Provided data
━━━━━━━━━━

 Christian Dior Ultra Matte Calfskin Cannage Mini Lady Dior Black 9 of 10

━━━━━━━━━━

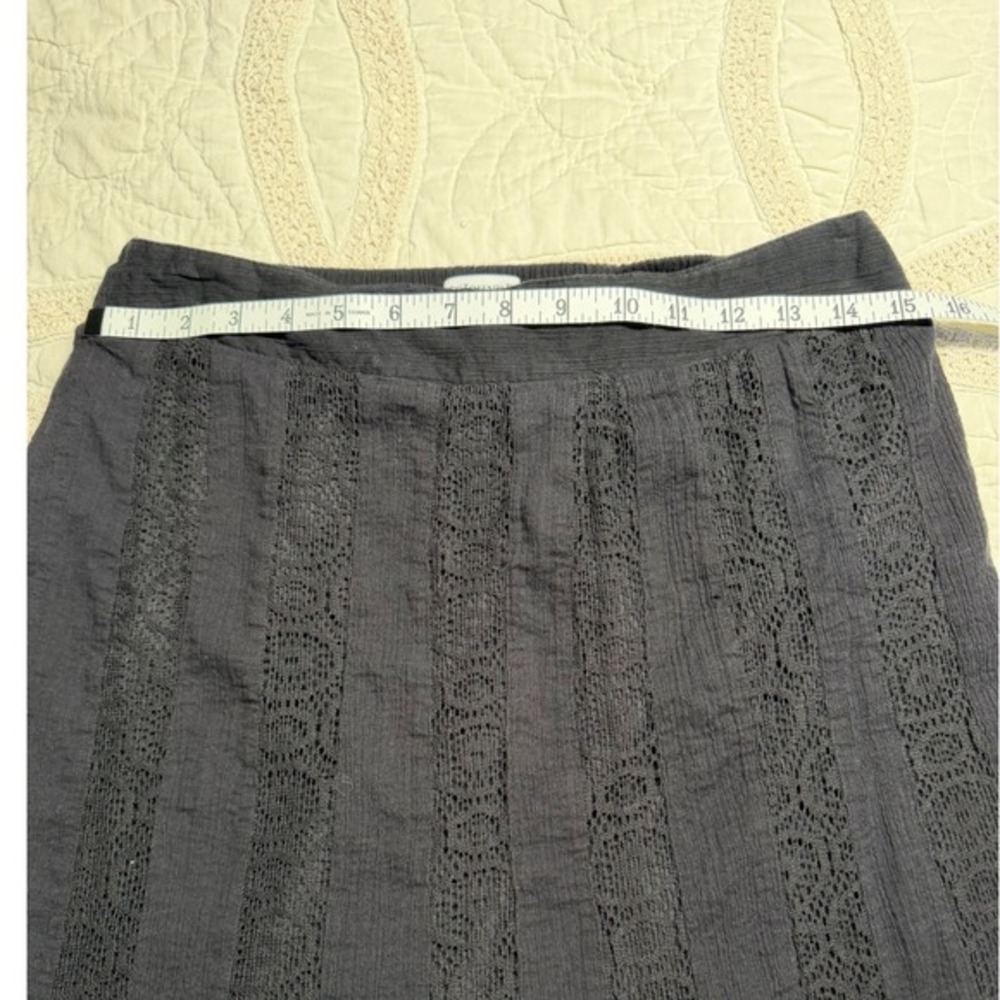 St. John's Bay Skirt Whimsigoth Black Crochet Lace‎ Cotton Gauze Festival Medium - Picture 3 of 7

━━━━━━━━━━

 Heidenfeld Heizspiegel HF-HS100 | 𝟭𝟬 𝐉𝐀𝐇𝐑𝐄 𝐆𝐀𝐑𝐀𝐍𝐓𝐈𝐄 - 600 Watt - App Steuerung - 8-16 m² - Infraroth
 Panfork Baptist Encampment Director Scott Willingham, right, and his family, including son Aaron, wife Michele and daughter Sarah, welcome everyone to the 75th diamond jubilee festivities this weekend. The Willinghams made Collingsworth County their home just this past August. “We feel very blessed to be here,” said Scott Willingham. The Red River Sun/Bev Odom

━━━━━━━━━━

What the task asks
Give back, word for word, only the lines above from the line holding "Heidenfeld Heizspiegel HF-HS100" to the line holding "Panfork Baptist Encampment", both included.

Response area
 Heidenfeld Heizspiegel HF-HS100 | 𝟭𝟬 𝐉𝐀𝐇𝐑𝐄 𝐆𝐀𝐑𝐀𝐍𝐓𝐈𝐄 - 600 Watt - App Steuerung - 8-16 m² - Infraroth
 Panfork Baptist Encampment Director Scott Willingham, right, and his family, including son Aaron, wife Michele and daughter Sarah, welcome everyone to the 75th diamond jubilee festivities this weekend. The Willinghams made Collingsworth County their home just this past August. “We feel very blessed to be here,” said Scott Willingham. The Red River Sun/Bev Odom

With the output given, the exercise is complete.